Ash knew he was in trouble. He didn’t expect Gorman to protect him from the consequences of his actions because they were friends. He clung to the faint hope that he might get a fool’s pardon. ‘You said it: she’s my wife. I couldn’t turn her in.’
‘You could. You should have done.’
‘I know.’ Though Gorman couldn’t see him hang his head, he could hear it.
‘Where is she now?’
‘I don’t know. I left her in a field in Cambridgeshire.’
‘Why?’
So Ash gave him a digest of everything that had passed between them. The divorce papers that guaranteed their mother would have no part in his sons’ upbringing. The business deal that had gone wrong, that explained her covert return to England. His certainty that only a genuine crisis would have induced her to take the risk. The timing: how she’d arrived soon after the episode at Myrton, and left immediately after the murder of David Sperrin.

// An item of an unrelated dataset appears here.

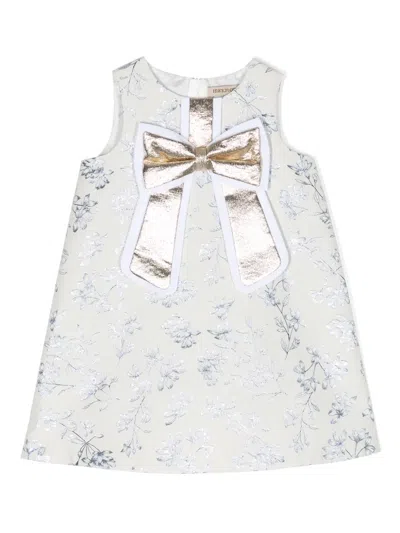 Hucklebones London Kids' Bow-detail Patterned-jacquard Midi Dress In White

‘I didn’t put any of it together,’ he assured Gorman abjectly, ‘until Hazel told me about the other girl, and the lorry drivers, and She Who Must Be Obeyed. Then it all made a kind of sense. At least, I think it does. That’s why I needed to talk to you as soon as was reasonable – or slightly sooner,’ he amended apologetically. ‘I was desperate for you to tell me you’d identified this woman, that she was a fifteen-stone Birmingham granny and you already had her in custody.’
‘Hazel told you that?’
‘She was here last night. We were talking about David, trying to work out what had happened.’
DCI Gorman had benefited from these brainstorming sessions of theirs too often in the past to object to one now. Ash deliberately concealing a wanted criminal in his house for three days was a trespass of a whole different order. ‘You’re telling me Hazel knew about Cathy?’